* [Task to complete] From the first line of the listing below to the line containing "Tasse personnalisée Impex", write out everything exactly. No pictures.

* [Exercise data]
-- -- --

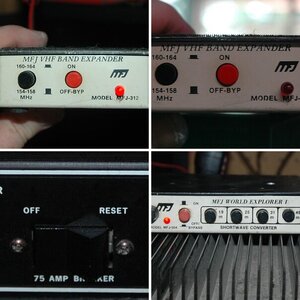 Box Of Electronics To Booger With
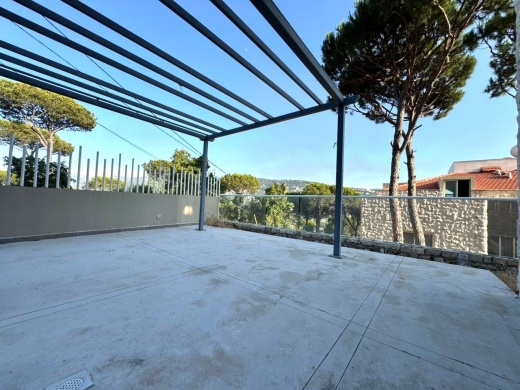 Exclusive, Fully Decorated Apartment With Terrace and Garden For Sale in Baabdat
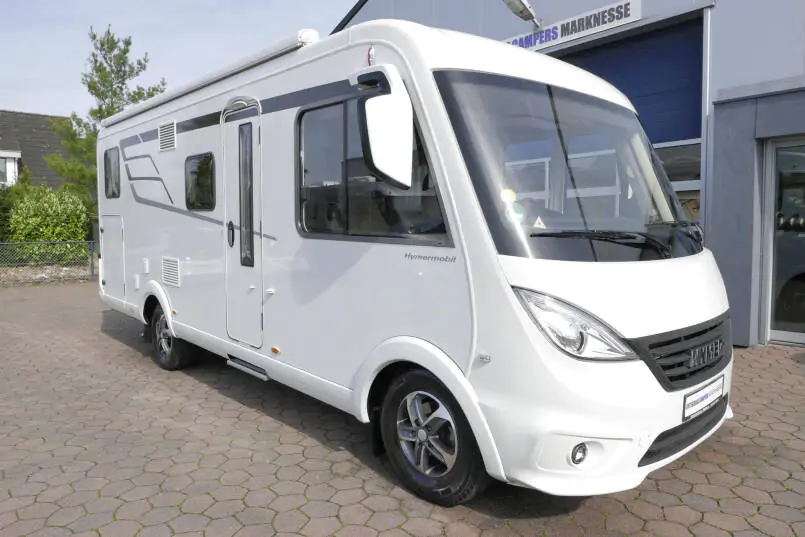 Hymer Exsis-I 580 | 9G Automaat | Levelsysteem | Luchtvering | Airco 4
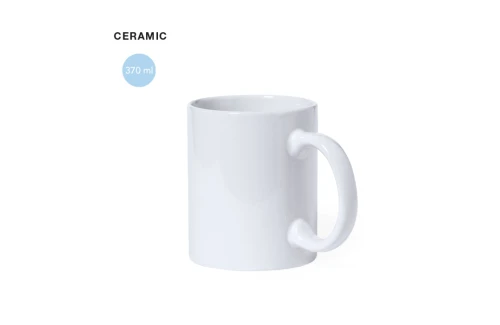 Tasse personnalisée Impex en céramique de 370 ml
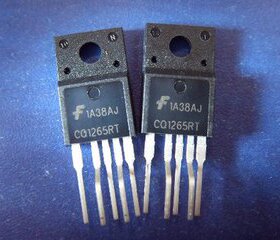 全新正品电子 原装正品拆机 CQ1265RT FSCQ1265RT彩电电源集成电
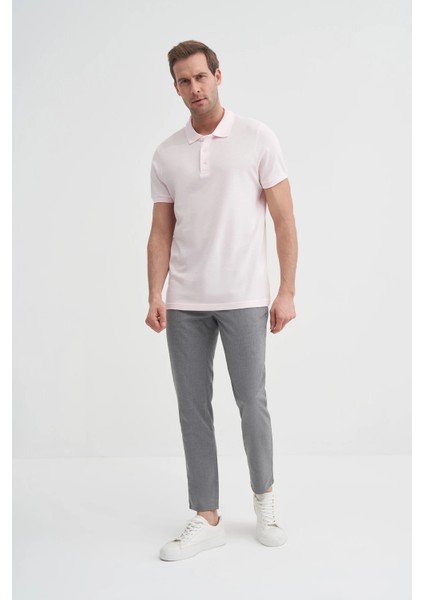 Pudra Erkek Polo Yaka T-Shirt 4613 fiyatları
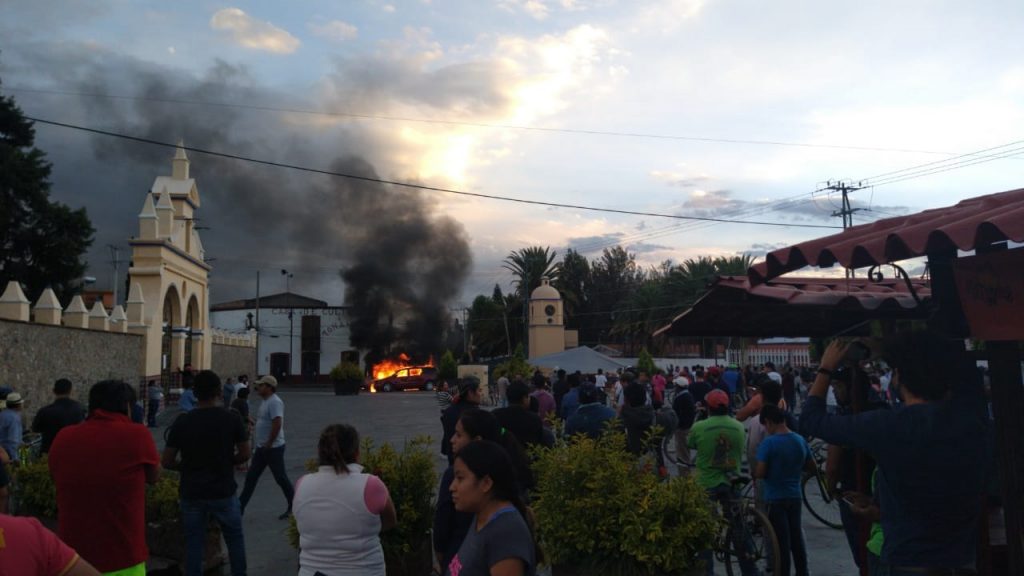 No eran ladrones, eran policías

-- -- --

* [Task answer]
 Box Of Electronics To Booger With
 Exclusive, Fully Decorated Apartment With Terrace and Garden For Sale in Baabdat
 Hymer Exsis-I 580 | 9G Automaat | Levelsysteem | Luchtvering | Airco 4
 Tasse personnalisée Impex en céramique de 370 ml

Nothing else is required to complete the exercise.